Work required
Your answer should hold only the line containing "Indie, trzeci największy" and each line that follows it in the listing, copied exactly.

Supplied records
════════════════

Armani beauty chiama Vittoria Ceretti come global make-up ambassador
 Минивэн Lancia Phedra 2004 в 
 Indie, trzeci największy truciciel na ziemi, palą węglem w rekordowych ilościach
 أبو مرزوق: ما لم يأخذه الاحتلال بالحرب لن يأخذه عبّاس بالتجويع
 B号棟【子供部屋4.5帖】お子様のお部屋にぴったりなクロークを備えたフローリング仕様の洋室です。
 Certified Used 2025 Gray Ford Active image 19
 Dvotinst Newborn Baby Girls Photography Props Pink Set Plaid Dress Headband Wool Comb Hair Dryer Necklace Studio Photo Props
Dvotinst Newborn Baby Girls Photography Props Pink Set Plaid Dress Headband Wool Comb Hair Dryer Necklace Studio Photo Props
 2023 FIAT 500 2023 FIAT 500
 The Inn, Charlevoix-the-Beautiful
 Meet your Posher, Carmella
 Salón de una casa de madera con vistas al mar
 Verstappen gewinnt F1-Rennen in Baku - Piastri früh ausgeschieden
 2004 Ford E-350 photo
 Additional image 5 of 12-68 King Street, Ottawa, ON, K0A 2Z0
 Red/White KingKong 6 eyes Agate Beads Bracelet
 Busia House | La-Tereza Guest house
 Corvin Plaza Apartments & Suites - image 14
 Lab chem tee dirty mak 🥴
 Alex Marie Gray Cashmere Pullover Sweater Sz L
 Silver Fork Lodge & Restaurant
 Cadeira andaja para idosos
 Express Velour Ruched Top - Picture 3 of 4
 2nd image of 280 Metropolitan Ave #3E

════════════════

Response below
 Indie, trzeci największy truciciel na ziemi, palą węglem w rekordowych ilościach
 أبو مرزوق: ما لم يأخذه الاحتلال بالحرب لن يأخذه عبّاس بالتجويع
 B号棟【子供部屋4.5帖】お子様のお部屋にぴったりなクロークを備えたフローリング仕様の洋室です。
 Certified Used 2025 Gray Ford Active image 19
 Dvotinst Newborn Baby Girls Photography Props Pink Set Plaid Dress Headband Wool Comb Hair Dryer Necklace Studio Photo Props
Dvotinst Newborn Baby Girls Photography Props Pink Set Plaid Dress Headband Wool Comb Hair Dryer Necklace Studio Photo Props
 2023 FIAT 500 2023 FIAT 500
 The Inn, Charlevoix-the-Beautiful
 Meet your Posher, Carmella
 Salón de una casa de madera con vistas al mar
 Verstappen gewinnt F1-Rennen in Baku - Piastri früh ausgeschieden
 2004 Ford E-350 photo
 Additional image 5 of 12-68 King Street, Ottawa, ON, K0A 2Z0
 Red/White KingKong 6 eyes Agate Beads Bracelet
 Busia House | La-Tereza Guest house
 Corvin Plaza Apartments & Suites - image 14
 Lab chem tee dirty mak 🥴
 Alex Marie Gray Cashmere Pullover Sweater Sz L
 Silver Fork Lodge & Restaurant
 Cadeira andaja para idosos
 Express Velour Ruched Top - Picture 3 of 4
 2nd image of 280 Metropolitan Ave #3E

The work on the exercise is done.